PROMPT:
Could you transcribe each entry below exactly, minus the images?

======== RECORDS SHOWN

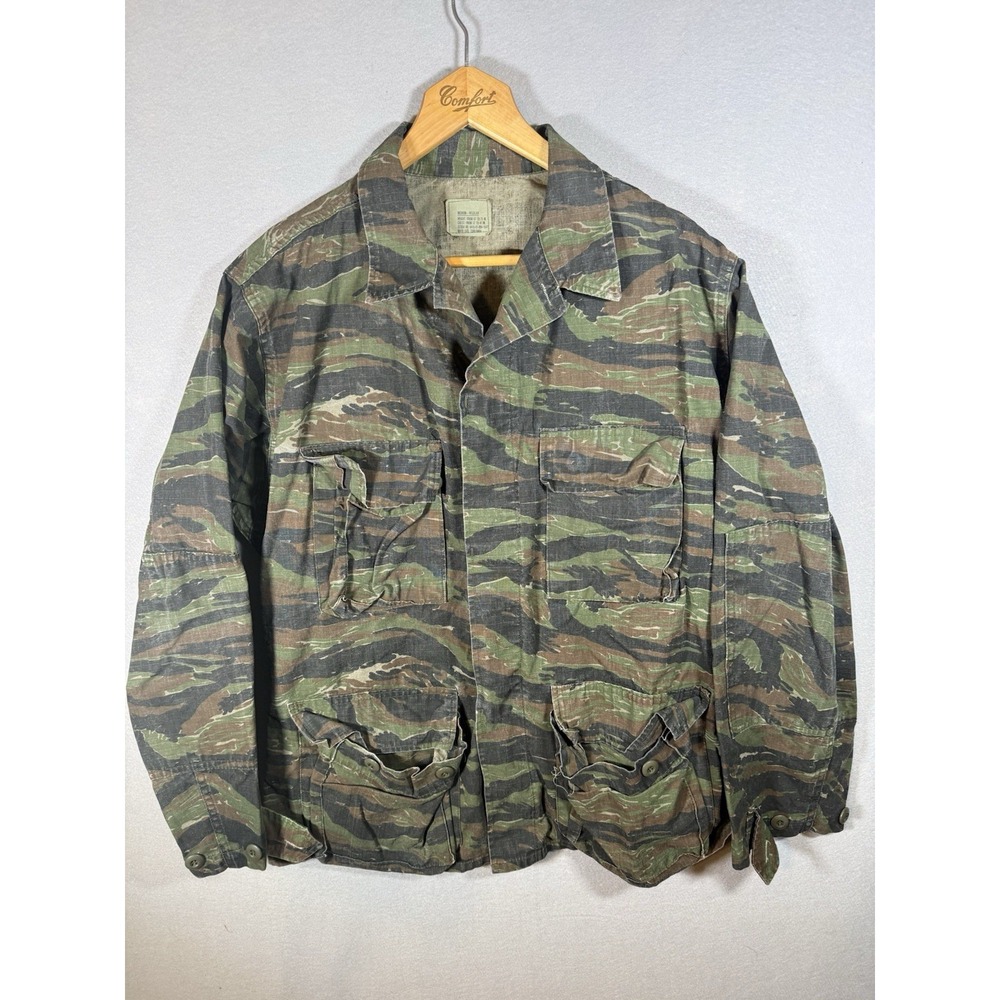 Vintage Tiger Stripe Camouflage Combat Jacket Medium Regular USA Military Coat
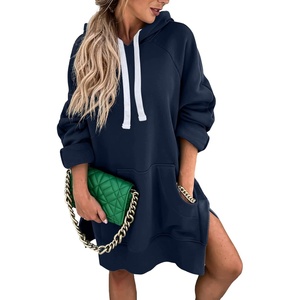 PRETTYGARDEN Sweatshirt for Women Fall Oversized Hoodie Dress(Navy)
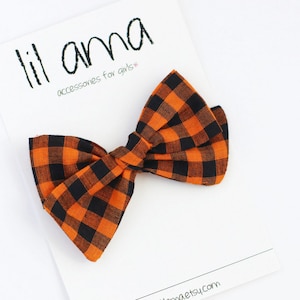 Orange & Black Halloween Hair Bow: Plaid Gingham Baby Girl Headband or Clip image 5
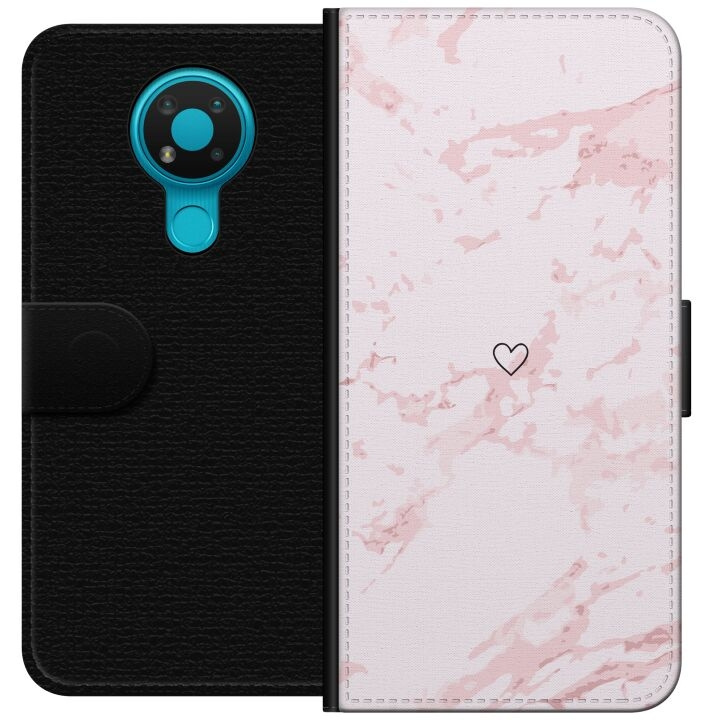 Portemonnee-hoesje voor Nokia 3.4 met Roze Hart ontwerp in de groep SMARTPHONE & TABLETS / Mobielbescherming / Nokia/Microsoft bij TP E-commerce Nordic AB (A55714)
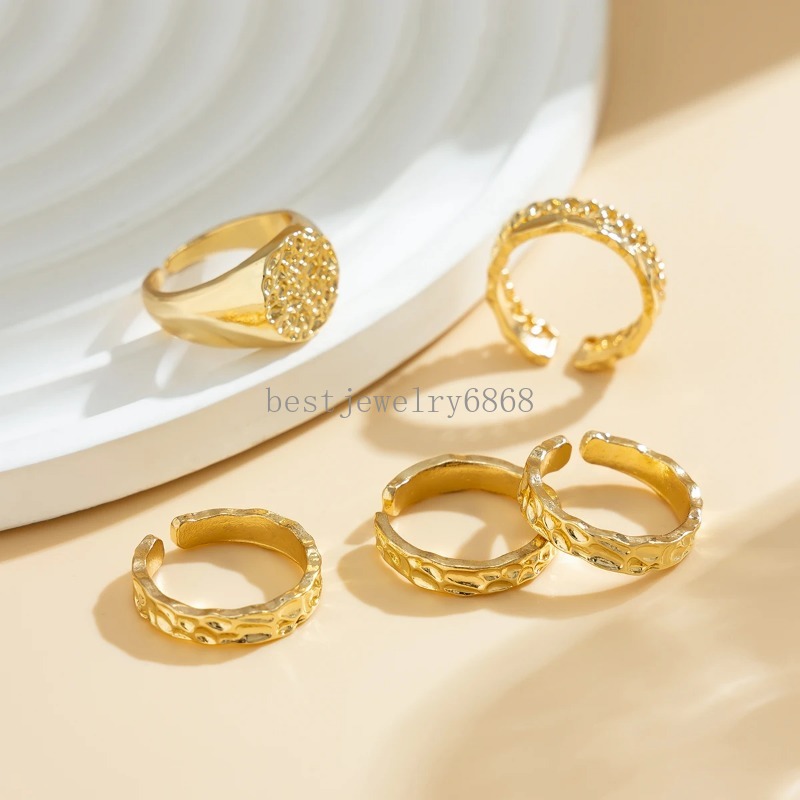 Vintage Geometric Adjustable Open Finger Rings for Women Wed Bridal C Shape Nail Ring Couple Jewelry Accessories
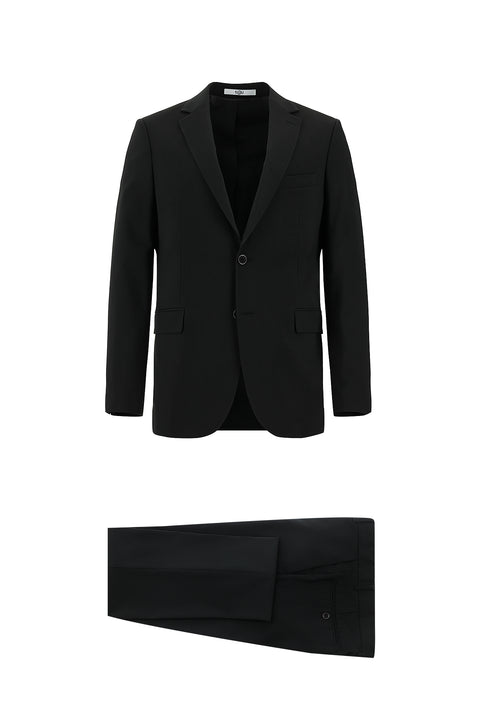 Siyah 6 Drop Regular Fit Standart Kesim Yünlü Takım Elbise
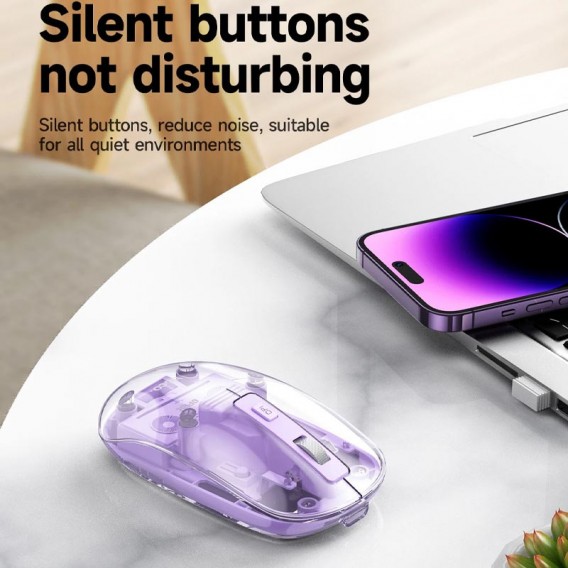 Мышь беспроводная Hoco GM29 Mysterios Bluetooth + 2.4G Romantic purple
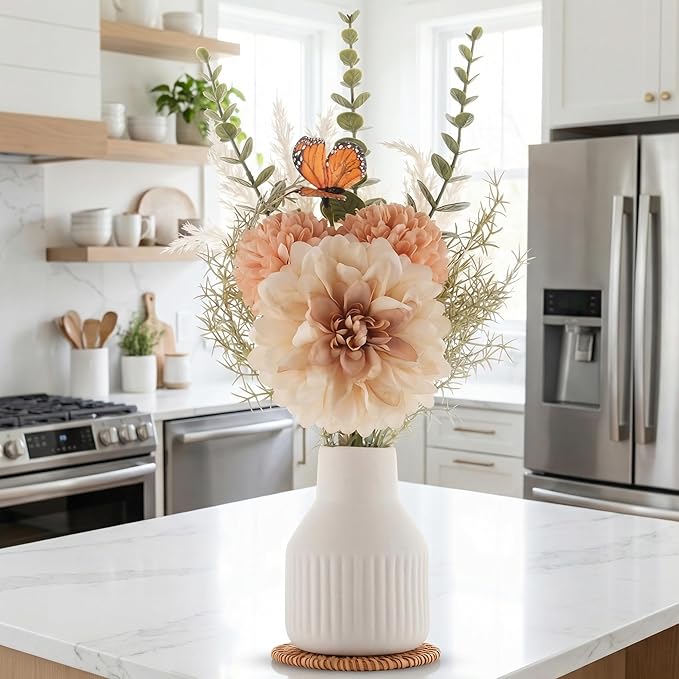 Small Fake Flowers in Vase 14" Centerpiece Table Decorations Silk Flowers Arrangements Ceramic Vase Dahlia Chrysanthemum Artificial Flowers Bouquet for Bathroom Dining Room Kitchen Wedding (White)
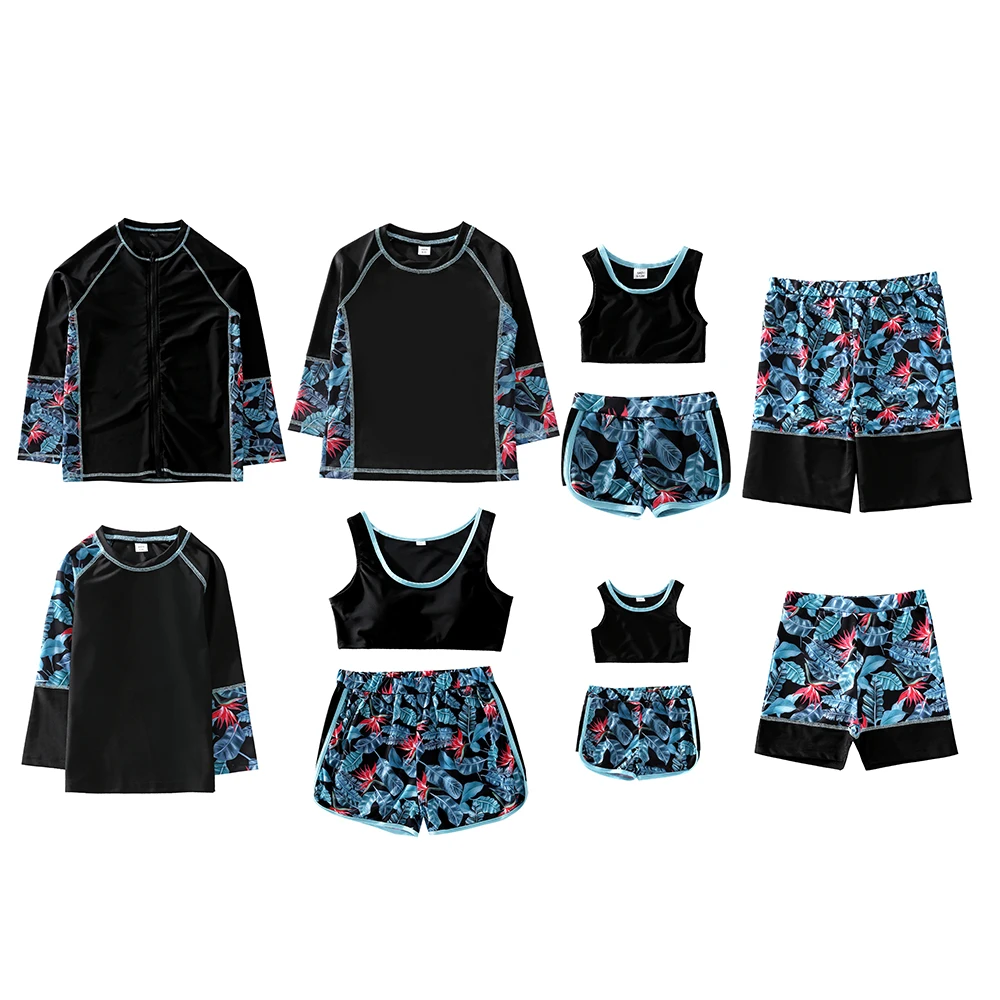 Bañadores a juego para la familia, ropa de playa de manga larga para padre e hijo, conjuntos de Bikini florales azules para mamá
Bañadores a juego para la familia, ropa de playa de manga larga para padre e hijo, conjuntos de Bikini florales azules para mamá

================

WRITTEN RESPONSE:
 Vintage Tiger Stripe Camouflage Combat Jacket Medium Regular USA Military Coat
 PRETTYGARDEN Sweatshirt for Women Fall Oversized Hoodie Dress(Navy)
 Orange & Black Halloween Hair Bow: Plaid Gingham Baby Girl Headband or Clip image 5
 Portemonnee-hoesje voor Nokia 3.4 met Roze Hart ontwerp in de groep SMARTPHONE & TABLETS / Mobielbescherming / Nokia/Microsoft bij TP E-commerce Nordic AB (A55714)
 Vintage Geometric Adjustable Open Finger Rings for Women Wed Bridal C Shape Nail Ring Couple Jewelry Accessories
 Siyah 6 Drop Regular Fit Standart Kesim Yünlü Takım Elbise
 Мышь беспроводная Hoco GM29 Mysterios Bluetooth + 2.4G Romantic purple
 Small Fake Flowers in Vase 14" Centerpiece Table Decorations Silk Flowers Arrangements Ceramic Vase Dahlia Chrysanthemum Artificial Flowers Bouquet for Bathroom Dining Room Kitchen Wedding (White)
 Bañadores a juego para la familia, ropa de playa de manga larga para padre e hijo, conjuntos de Bikini florales azules para mamá
Bañadores a juego para la familia, ropa de playa de manga larga para padre e hijo, conjuntos de Bikini florales azules para mamá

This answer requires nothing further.